- **TASK BRIEF**: Each line below should be retyped exactly, with no pictures.

- Opening Delimiter -

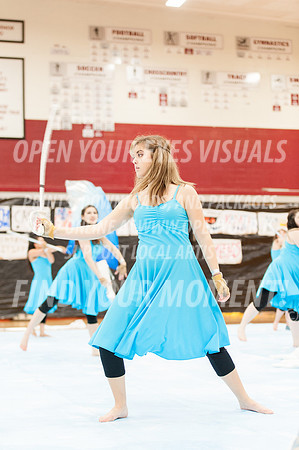 2014-OYEV-NWPA-Championships-Eurythmic-28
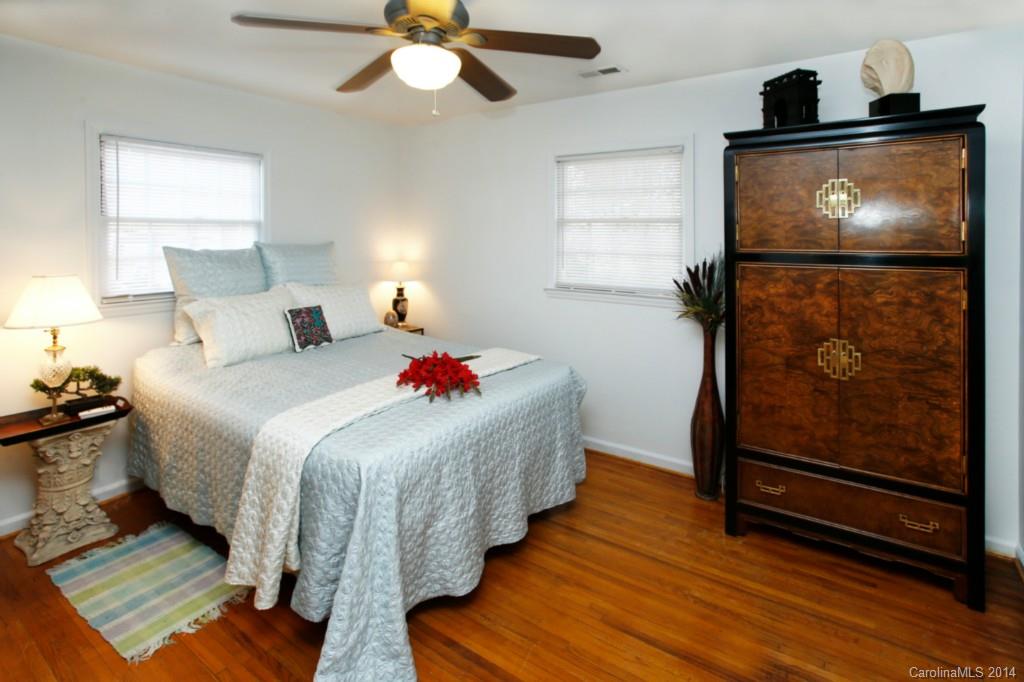 2237 Milton Road Charlotte, NC 28215 - Photo 15 of 24 Gallery Image 15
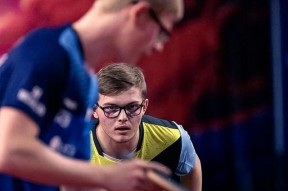 蒂姆迎来五赛季出色发挥，MAD观众热烈欢呼！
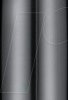 5.737.234.075 alfi ISOTHERM PERFECT insulated bottle, 0.75 l, grey
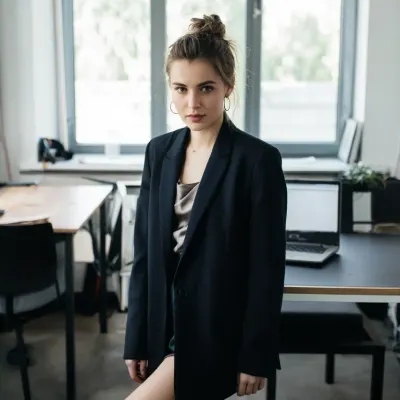 Алина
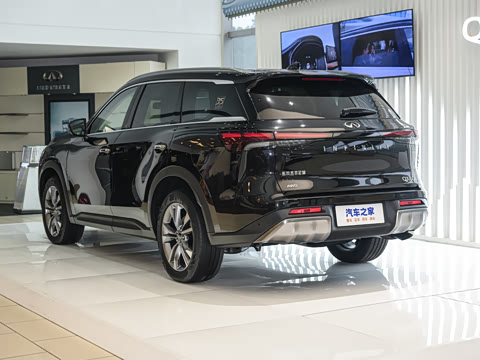 2024�� 2.0T ����������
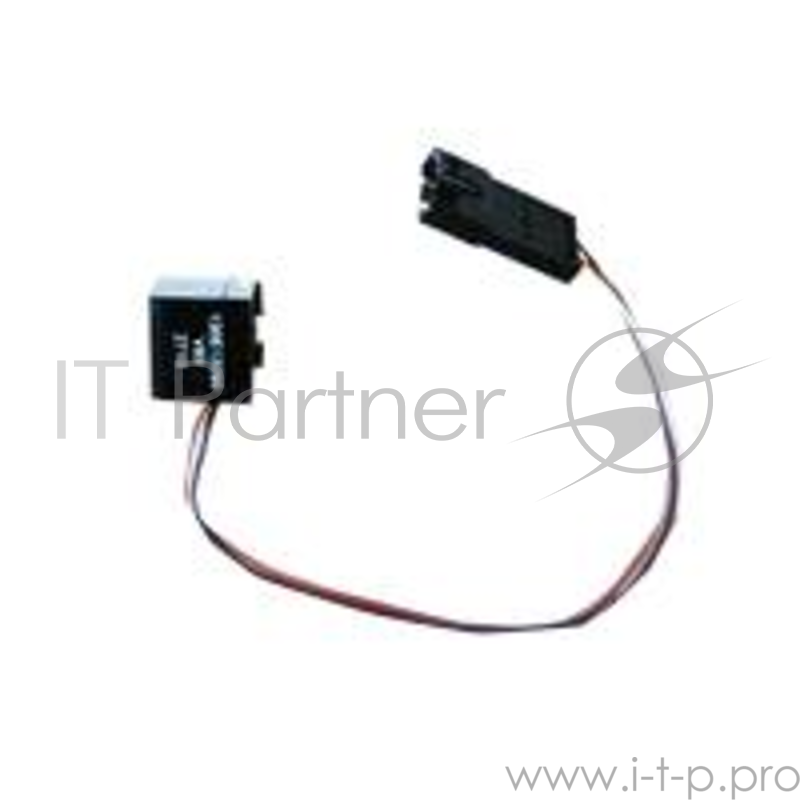 (130E05421/130E05430/130E18560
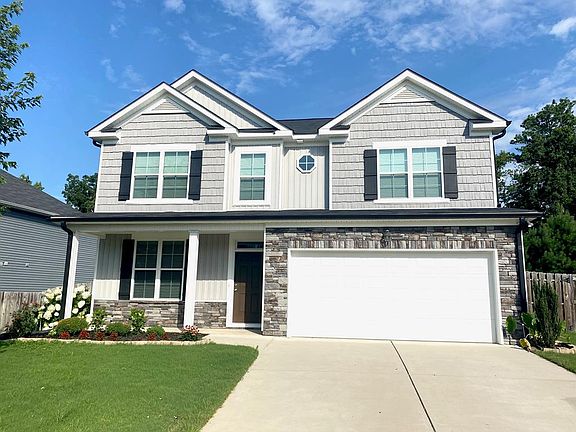 2nd image of 2618 Waites Dr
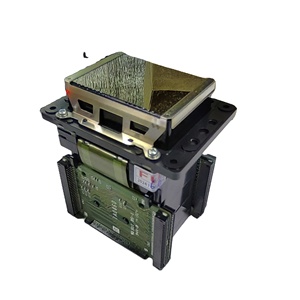 Đầu in <span class=keywords><strong>Mimaki</strong></span>/Roland/Mutoh L1440 DX7 dành cho máy in phun <span class=keywords><strong>Mimaki</strong></span> JV34/TS34/<span class=keywords><strong>JV300</strong></span>/JV150/JV1324 - Product Image 6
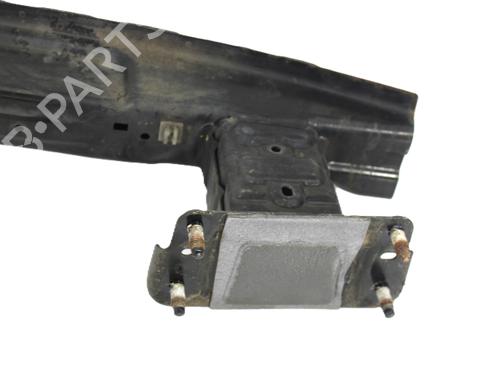 Rear bumper reinforcement MERCEDES-BENZ CLA Coupe (C117) CLA 180 (117.342) | BP27612288C73 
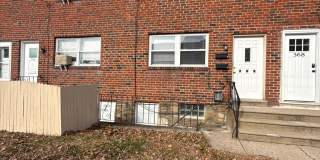 366 RIPKA Street Gallery 1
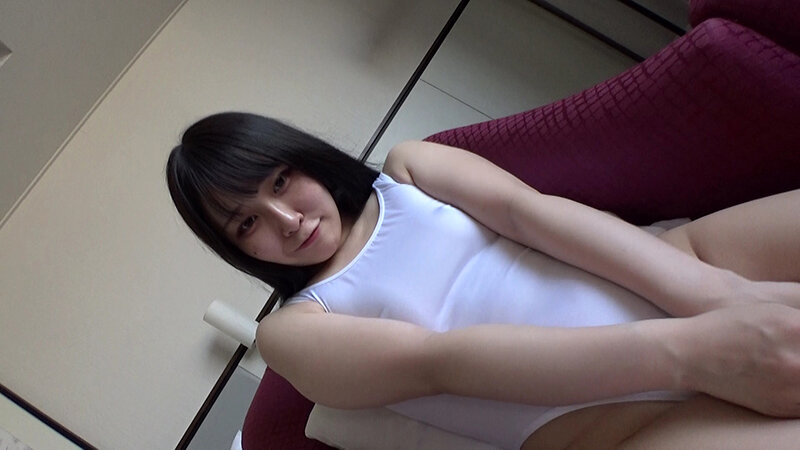 美女子弄び個撮ハメ撮り～オヤジに完全服従セックス！！ すずねちゃん 女子大生 桐谷すずね サンプル 3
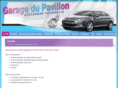 garage-du-pavillon.com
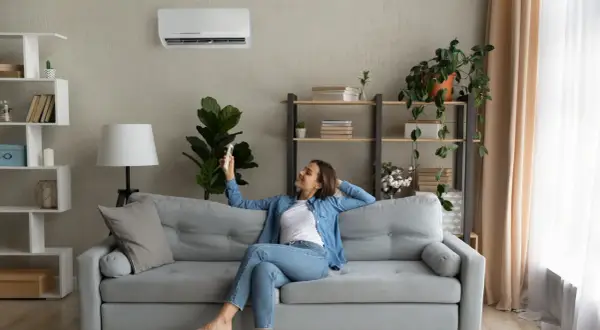Jaki klimatyzator do mieszkania w bloku? Wybierz najlepszy model dla siebie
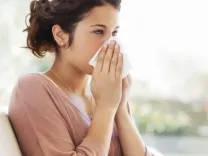 क्या नाक सूखने को हल्के में लेना चाहिए? समय पर इलाज न कराने पर हो सकते हैं बहरेपन के शिकार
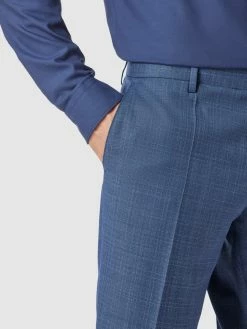 Auslauf ? BOSS Slim Fit Anzughose Mit Allover-Muster Modell 'Genius' - Blau ? -CG – CLUB of GENTS shop 64pkedie692k8ga5a0s4ggi3al6jgd2185aladqh9ta44j268994qcq78l35cjq569a4mk9m8l3kcdihako64d9hcdi3cp1l70pj6cpk6hgm6eb56kp62eb1c8o3gcr660qj0oo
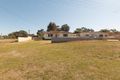 Property photo of 30 Sibbald Street Pinjarra WA 6208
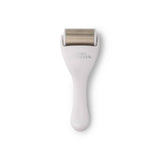 Lemon Lavender Slow Your Roll Freezable Face Roller Massager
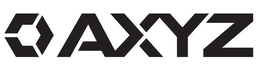 AXYZ trademark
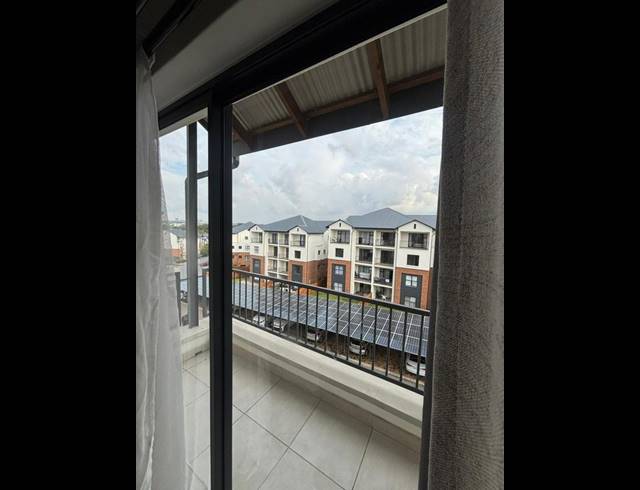 2 BEDROOM PROPERTY TO RENT IN LINBRO PARK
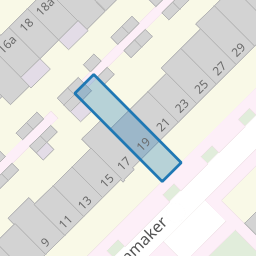 Perceel ZVH02-G-2606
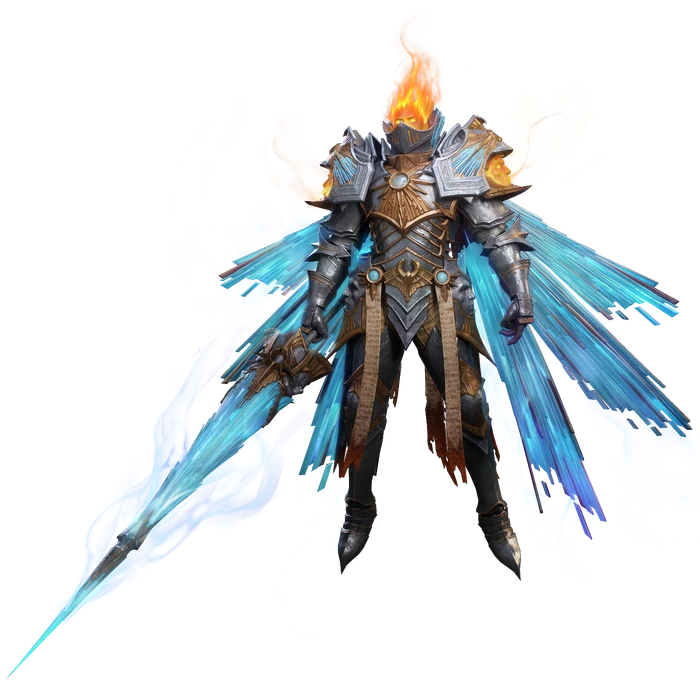 Oren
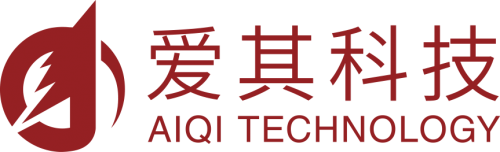 ONEBOT推出流浪地球火石指尖積木助力新國(guó)潮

- Closing Delimiter -

- **YOUR RESPONSE**:
 2014-OYEV-NWPA-Championships-Eurythmic-28
 2237 Milton Road Charlotte, NC 28215 - Photo 15 of 24 Gallery Image 15
 蒂姆迎来五赛季出色发挥，MAD观众热烈欢呼！
 5.737.234.075 alfi ISOTHERM PERFECT insulated bottle, 0.75 l, grey
 Алина
 2024�� 2.0T ����������
 (130E05421/130E05430/130E18560
 2nd image of 2618 Waites Dr
 Đầu in <span class=keywords><strong>Mimaki</strong></span>/Roland/Mutoh L1440 DX7 dành cho máy in phun <span class=keywords><strong>Mimaki</strong></span> JV34/TS34/<span class=keywords><strong>JV300</strong></span>/JV150/JV1324 - Product Image 6
 Rear bumper reinforcement MERCEDES-BENZ CLA Coupe (C117) CLA 180 (117.342) | BP27612288C73 
 366 RIPKA Street Gallery 1
 美女子弄び個撮ハメ撮り～オヤジに完全服従セックス！！ すずねちゃん 女子大生 桐谷すずね サンプル 3
 garage-du-pavillon.com
Jaki klimatyzator do mieszkania w bloku? Wybierz najlepszy model dla siebie
 क्या नाक सूखने को हल्के में लेना चाहिए? समय पर इलाज न कराने पर हो सकते हैं बहरेपन के शिकार
 Auslauf ? BOSS Slim Fit Anzughose Mit Allover-Muster Modell 'Genius' - Blau ? -CG – CLUB of GENTS shop 64pkedie692k8ga5a0s4ggi3al6jgd2185aladqh9ta44j268994qcq78l35cjq569a4mk9m8l3kcdihako64d9hcdi3cp1l70pj6cpk6hgm6eb56kp62eb1c8o3gcr660qj0oo
 Property photo of 30 Sibbald Street Pinjarra WA 6208
 Lemon Lavender Slow Your Roll Freezable Face Roller Massager
 AXYZ trademark
 2 BEDROOM PROPERTY TO RENT IN LINBRO PARK
 Perceel ZVH02-G-2606
 Oren
 ONEBOT推出流浪地球火石指尖積木助力新國(guó)潮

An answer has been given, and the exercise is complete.